(Work request) Only one stretch of the material below is wanted: everything from the line containing "Relaxed Fit Long" down to the line containing "Test IP Address interface : only initial ping Test", both ends included. Repeat it exactly and skip the pictures.

(The input)
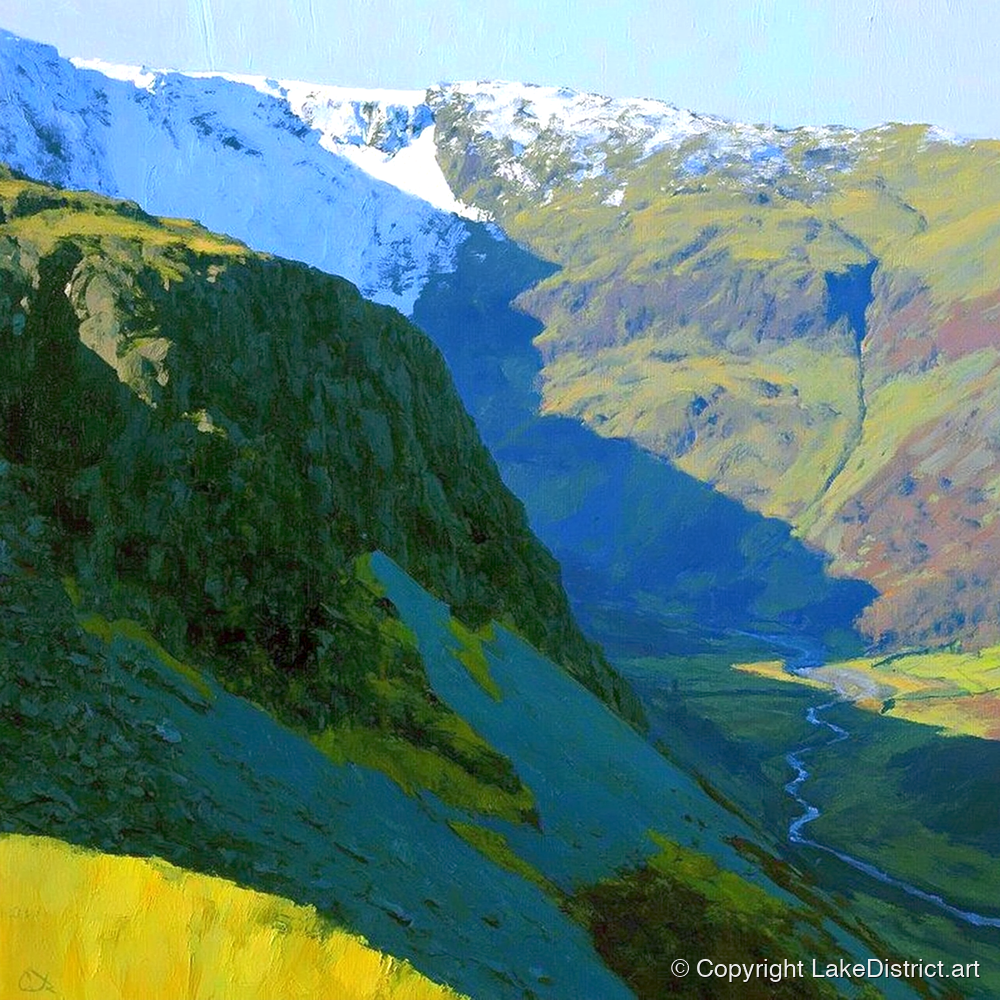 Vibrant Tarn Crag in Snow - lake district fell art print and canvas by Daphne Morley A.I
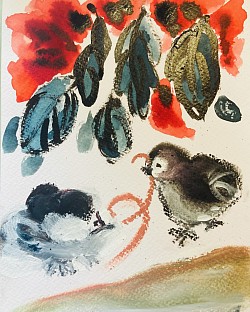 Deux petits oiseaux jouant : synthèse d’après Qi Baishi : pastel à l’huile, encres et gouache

--

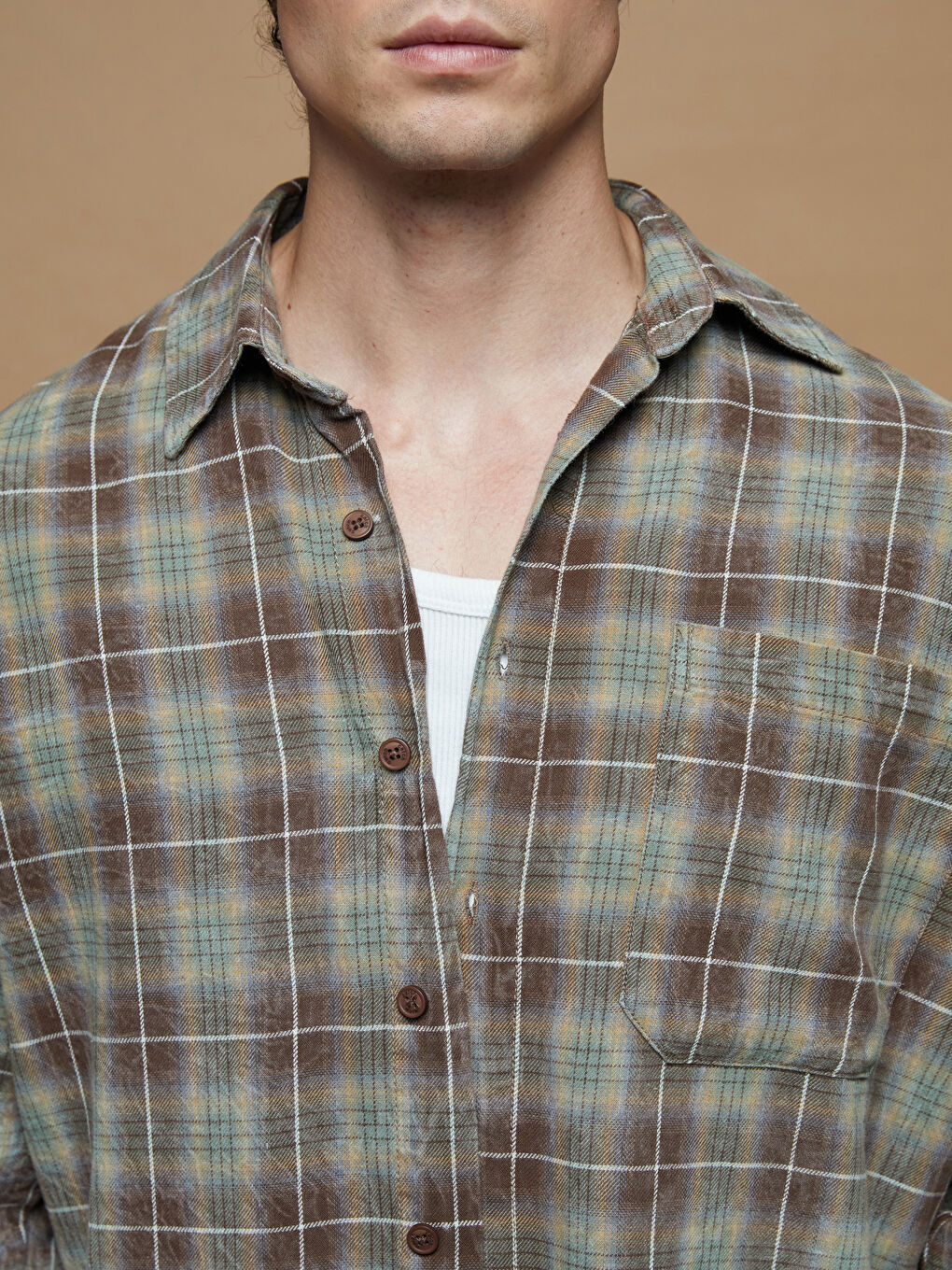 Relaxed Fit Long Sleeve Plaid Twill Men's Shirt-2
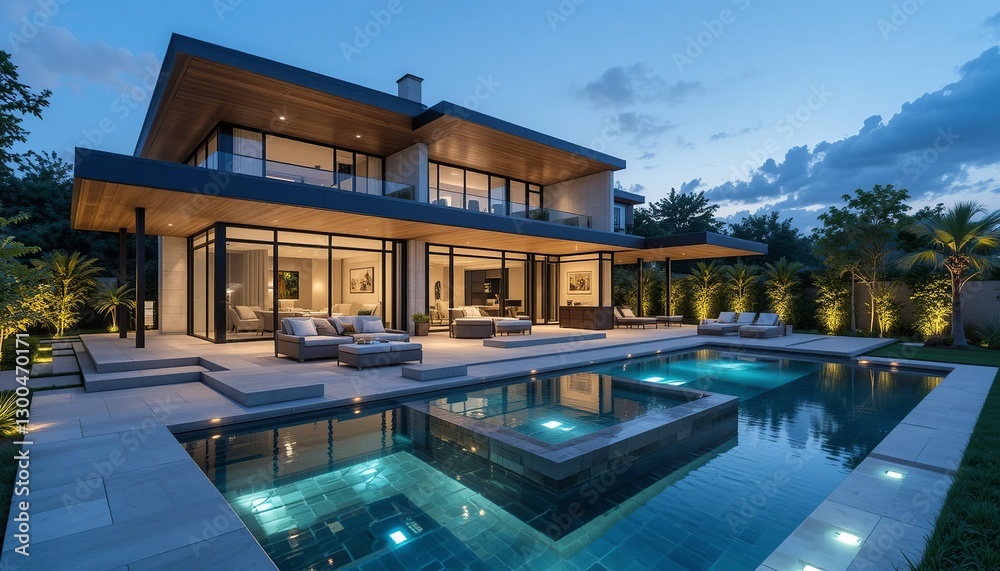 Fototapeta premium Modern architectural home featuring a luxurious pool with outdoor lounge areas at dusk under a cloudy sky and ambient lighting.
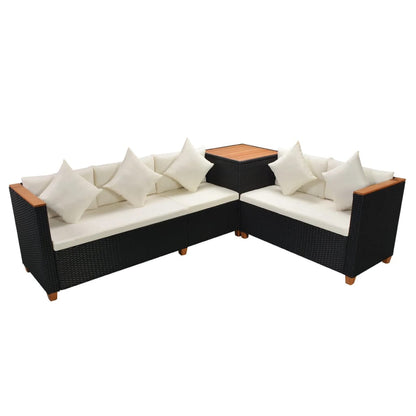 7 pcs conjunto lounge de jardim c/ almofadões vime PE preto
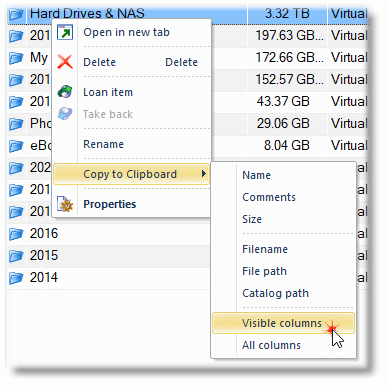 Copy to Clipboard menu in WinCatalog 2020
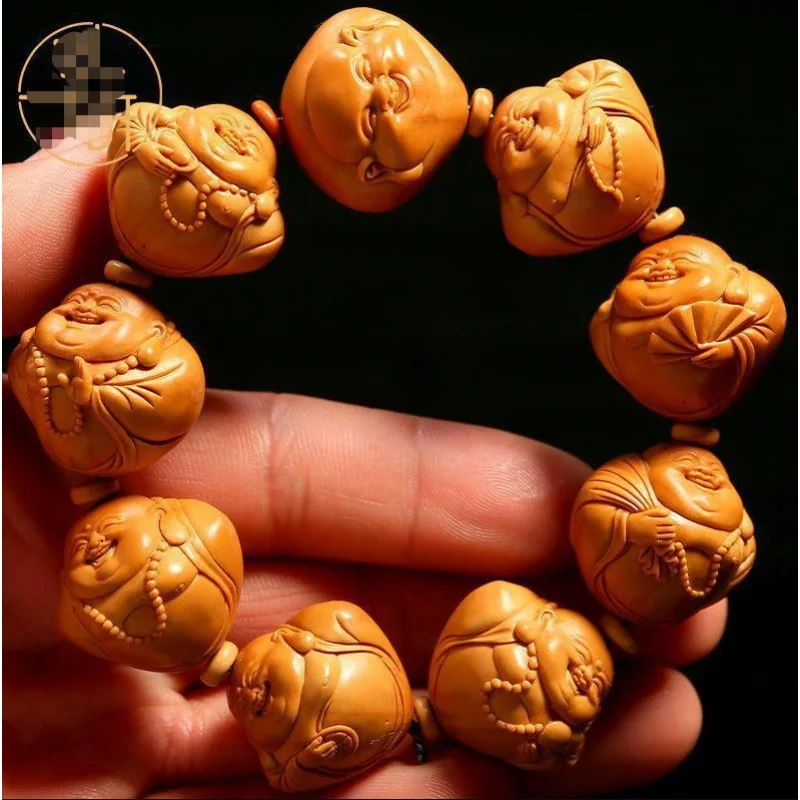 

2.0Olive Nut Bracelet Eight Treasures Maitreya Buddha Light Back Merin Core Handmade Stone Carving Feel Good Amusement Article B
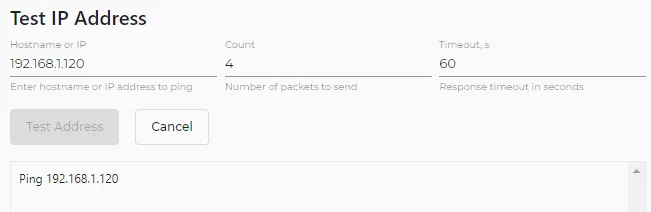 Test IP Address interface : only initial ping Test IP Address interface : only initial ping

(Reply)
 Relaxed Fit Long Sleeve Plaid Twill Men's Shirt-2
 Fototapeta premium Modern architectural home featuring a luxurious pool with outdoor lounge areas at dusk under a cloudy sky and ambient lighting.
 7 pcs conjunto lounge de jardim c/ almofadões vime PE preto
 Copy to Clipboard menu in WinCatalog 2020

2.0Olive Nut Bracelet Eight Treasures Maitreya Buddha Light Back Merin Core Handmade Stone Carving Feel Good Amusement Article B
 Test IP Address interface : only initial ping Test IP Address interface : only initial ping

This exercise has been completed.